We are not here concerned with the question of whether or not relator is at this time entitled, as a matter of law, to the payment of his salary in money from the state treasury. It may be conceded that he cannot, at this time, be so paid, because of the want of an appropriation authorizing such'payment. This would seem to be so because of § 4, art. 8 of the constitution, prohibiting the payment of money from the state treasury except in pursuance of an appropriation.

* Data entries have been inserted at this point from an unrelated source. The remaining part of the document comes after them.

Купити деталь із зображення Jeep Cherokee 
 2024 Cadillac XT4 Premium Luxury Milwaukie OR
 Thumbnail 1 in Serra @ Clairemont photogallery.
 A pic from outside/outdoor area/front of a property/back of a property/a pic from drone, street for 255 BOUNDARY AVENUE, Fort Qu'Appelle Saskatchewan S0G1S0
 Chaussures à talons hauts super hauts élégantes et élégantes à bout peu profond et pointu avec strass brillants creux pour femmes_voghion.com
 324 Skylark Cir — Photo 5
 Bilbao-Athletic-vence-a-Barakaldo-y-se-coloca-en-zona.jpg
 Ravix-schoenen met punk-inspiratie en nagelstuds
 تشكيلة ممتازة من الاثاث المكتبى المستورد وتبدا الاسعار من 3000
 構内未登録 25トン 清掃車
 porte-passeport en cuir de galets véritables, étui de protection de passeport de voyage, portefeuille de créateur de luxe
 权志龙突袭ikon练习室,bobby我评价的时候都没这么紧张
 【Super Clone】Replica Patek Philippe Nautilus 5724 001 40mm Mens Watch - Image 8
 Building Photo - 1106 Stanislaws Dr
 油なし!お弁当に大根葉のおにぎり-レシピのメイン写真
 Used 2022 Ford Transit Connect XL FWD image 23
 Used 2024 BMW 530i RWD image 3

The sole question here for consideration is: Has the relator a right to have issued to him a warrant upon the state general fund for the amount of salary due him for the month of April, 1917? This question is to be answered from an examination of the following provisions of our statutes found in Remington’s Code:
Section 5025 :
“It shall be unlawful for any of the state officers or trustees, managers, directors, superintendents or boards of commissioners of any of the public institutions of the state of Washington, or for the officers of any of the departments of the state of Washington, to create a deficiency, incur liability, or to expend a greater sum of money than is appropriated by the legislature for the use of said public institution or department.”
Section 8346:
“There is hereby established in the department of the state auditor a bureau to be known as the bureau of inspection and supervision of public offices; the principal officer of said bureau shall be known as the chief inspector and supervisor of public offices; the state auditor shall be, ex oficio, chief inspector and supervisor of public offices, and as such chief inspector and supervisor, shall appoint not exceeding three deputies, who shall each receive a salary not exceeding two thousand five hundred dollars per annum, and a clerk who shall receive a salary not exceeding fifteen hundred dollars per annum . . .”
*256Section 8355:
“The expense of maintaining and operating the bureau herein provided for shall be paid out of the state general fund . in the same manner as other state employees.”
Section 8975:
“The salaries of all state officers shall hereafter be paid monthly on the last day of each month, as provided by law.”
Section 9008:
“The state auditor shall in no case issue any state warrant unless there is a law authorizing the issue of the same, and every warrant shall state the act under which it is drawn.”
Section 9021:
“In all cases of grants, salaries, pay, and expenses ascertained and allowed by law, found due to individuals from the state when audited, the auditor shall draw a warrant upon the treasury for the amount, but in cases of unliquidated accounts and claims the adjustment and payment of which are not provided by law, no warrant shall be drawn by the auditor or paid by the treasurer, unless the previous appropriation shall have been made by law for that purpose. . . .”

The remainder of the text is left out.